Give every entry again, word for word and in full.

──────

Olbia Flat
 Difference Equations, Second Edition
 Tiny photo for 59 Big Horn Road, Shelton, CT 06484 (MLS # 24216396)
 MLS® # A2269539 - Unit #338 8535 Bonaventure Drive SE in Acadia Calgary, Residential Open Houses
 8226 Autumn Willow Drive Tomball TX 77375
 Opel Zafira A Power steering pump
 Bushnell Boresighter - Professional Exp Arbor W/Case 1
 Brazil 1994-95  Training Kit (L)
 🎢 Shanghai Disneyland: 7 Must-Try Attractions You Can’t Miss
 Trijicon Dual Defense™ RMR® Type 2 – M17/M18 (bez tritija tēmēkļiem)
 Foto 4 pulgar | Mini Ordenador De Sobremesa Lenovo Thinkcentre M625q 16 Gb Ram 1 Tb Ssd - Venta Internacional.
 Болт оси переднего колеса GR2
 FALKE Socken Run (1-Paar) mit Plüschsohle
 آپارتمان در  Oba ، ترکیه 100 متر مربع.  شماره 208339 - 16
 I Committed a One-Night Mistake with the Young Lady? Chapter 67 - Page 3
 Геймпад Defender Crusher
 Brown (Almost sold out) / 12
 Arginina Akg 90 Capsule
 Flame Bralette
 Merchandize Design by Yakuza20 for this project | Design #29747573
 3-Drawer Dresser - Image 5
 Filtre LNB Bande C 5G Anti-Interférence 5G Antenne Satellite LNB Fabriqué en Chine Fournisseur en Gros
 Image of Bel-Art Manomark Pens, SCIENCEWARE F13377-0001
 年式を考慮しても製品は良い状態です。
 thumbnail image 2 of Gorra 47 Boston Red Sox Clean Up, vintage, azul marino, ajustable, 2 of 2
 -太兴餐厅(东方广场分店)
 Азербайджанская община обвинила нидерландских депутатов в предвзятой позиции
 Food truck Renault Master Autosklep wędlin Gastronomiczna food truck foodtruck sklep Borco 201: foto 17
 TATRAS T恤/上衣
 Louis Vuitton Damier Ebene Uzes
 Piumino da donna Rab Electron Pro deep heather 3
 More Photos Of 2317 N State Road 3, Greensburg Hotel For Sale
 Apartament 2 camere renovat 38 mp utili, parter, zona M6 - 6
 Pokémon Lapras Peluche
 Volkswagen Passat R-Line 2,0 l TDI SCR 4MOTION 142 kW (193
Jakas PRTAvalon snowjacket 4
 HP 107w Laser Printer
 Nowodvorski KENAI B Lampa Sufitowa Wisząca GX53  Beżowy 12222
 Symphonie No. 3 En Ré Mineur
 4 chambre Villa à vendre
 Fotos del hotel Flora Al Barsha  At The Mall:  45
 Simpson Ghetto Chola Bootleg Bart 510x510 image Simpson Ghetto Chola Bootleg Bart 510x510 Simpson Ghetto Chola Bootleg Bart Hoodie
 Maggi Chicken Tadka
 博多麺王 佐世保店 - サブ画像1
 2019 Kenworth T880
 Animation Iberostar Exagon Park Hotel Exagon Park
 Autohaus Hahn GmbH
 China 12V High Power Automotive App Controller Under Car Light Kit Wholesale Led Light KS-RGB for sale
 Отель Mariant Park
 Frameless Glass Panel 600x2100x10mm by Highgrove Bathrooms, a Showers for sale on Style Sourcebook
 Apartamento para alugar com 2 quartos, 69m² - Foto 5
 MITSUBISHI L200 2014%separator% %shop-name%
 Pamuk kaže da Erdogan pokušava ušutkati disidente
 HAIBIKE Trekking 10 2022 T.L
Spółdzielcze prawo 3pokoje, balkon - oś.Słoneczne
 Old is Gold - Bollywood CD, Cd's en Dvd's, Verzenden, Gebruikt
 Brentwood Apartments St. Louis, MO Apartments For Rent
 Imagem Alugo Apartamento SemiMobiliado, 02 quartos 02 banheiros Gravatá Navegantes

──────

(Written response):
Olbia Flat
 Difference Equations, Second Edition
 Tiny photo for 59 Big Horn Road, Shelton, CT 06484 (MLS # 24216396)
 MLS® # A2269539 - Unit #338 8535 Bonaventure Drive SE in Acadia Calgary, Residential Open Houses
 8226 Autumn Willow Drive Tomball TX 77375
 Opel Zafira A Power steering pump
 Bushnell Boresighter - Professional Exp Arbor W/Case 1
 Brazil 1994-95  Training Kit (L)
 🎢 Shanghai Disneyland: 7 Must-Try Attractions You Can’t Miss
 Trijicon Dual Defense™ RMR® Type 2 – M17/M18 (bez tritija tēmēkļiem)
 Foto 4 pulgar | Mini Ordenador De Sobremesa Lenovo Thinkcentre M625q 16 Gb Ram 1 Tb Ssd - Venta Internacional.
 Болт оси переднего колеса GR2
 FALKE Socken Run (1-Paar) mit Plüschsohle
 آپارتمان در  Oba ، ترکیه 100 متر مربع.  شماره 208339 - 16
 I Committed a One-Night Mistake with the Young Lady? Chapter 67 - Page 3
 Геймпад Defender Crusher
 Brown (Almost sold out) / 12
 Arginina Akg 90 Capsule
 Flame Bralette
 Merchandize Design by Yakuza20 for this project | Design #29747573
 3-Drawer Dresser - Image 5
 Filtre LNB Bande C 5G Anti-Interférence 5G Antenne Satellite LNB Fabriqué en Chine Fournisseur en Gros
 Image of Bel-Art Manomark Pens, SCIENCEWARE F13377-0001
 年式を考慮しても製品は良い状態です。
 thumbnail image 2 of Gorra 47 Boston Red Sox Clean Up, vintage, azul marino, ajustable, 2 of 2
 -太兴餐厅(东方广场分店)
 Азербайджанская община обвинила нидерландских депутатов в предвзятой позиции
 Food truck Renault Master Autosklep wędlin Gastronomiczna food truck foodtruck sklep Borco 201: foto 17
 TATRAS T恤/上衣
 Louis Vuitton Damier Ebene Uzes
 Piumino da donna Rab Electron Pro deep heather 3
 More Photos Of 2317 N State Road 3, Greensburg Hotel For Sale
 Apartament 2 camere renovat 38 mp utili, parter, zona M6 - 6
 Pokémon Lapras Peluche
 Volkswagen Passat R-Line 2,0 l TDI SCR 4MOTION 142 kW (193
Jakas PRTAvalon snowjacket 4
 HP 107w Laser Printer
 Nowodvorski KENAI B Lampa Sufitowa Wisząca GX53  Beżowy 12222
 Symphonie No. 3 En Ré Mineur
 4 chambre Villa à vendre
 Fotos del hotel Flora Al Barsha  At The Mall:  45
 Simpson Ghetto Chola Bootleg Bart 510x510 image Simpson Ghetto Chola Bootleg Bart 510x510 Simpson Ghetto Chola Bootleg Bart Hoodie
 Maggi Chicken Tadka
 博多麺王 佐世保店 - サブ画像1
 2019 Kenworth T880
 Animation Iberostar Exagon Park Hotel Exagon Park
 Autohaus Hahn GmbH
 China 12V High Power Automotive App Controller Under Car Light Kit Wholesale Led Light KS-RGB for sale
 Отель Mariant Park
 Frameless Glass Panel 600x2100x10mm by Highgrove Bathrooms, a Showers for sale on Style Sourcebook
 Apartamento para alugar com 2 quartos, 69m² - Foto 5
 MITSUBISHI L200 2014%separator% %shop-name%
 Pamuk kaže da Erdogan pokušava ušutkati disidente
 HAIBIKE Trekking 10 2022 T.L
Spółdzielcze prawo 3pokoje, balkon - oś.Słoneczne
 Old is Gold - Bollywood CD, Cd's en Dvd's, Verzenden, Gebruikt
 Brentwood Apartments St. Louis, MO Apartments For Rent
 Imagem Alugo Apartamento SemiMobiliado, 02 quartos 02 banheiros Gravatá Navegantes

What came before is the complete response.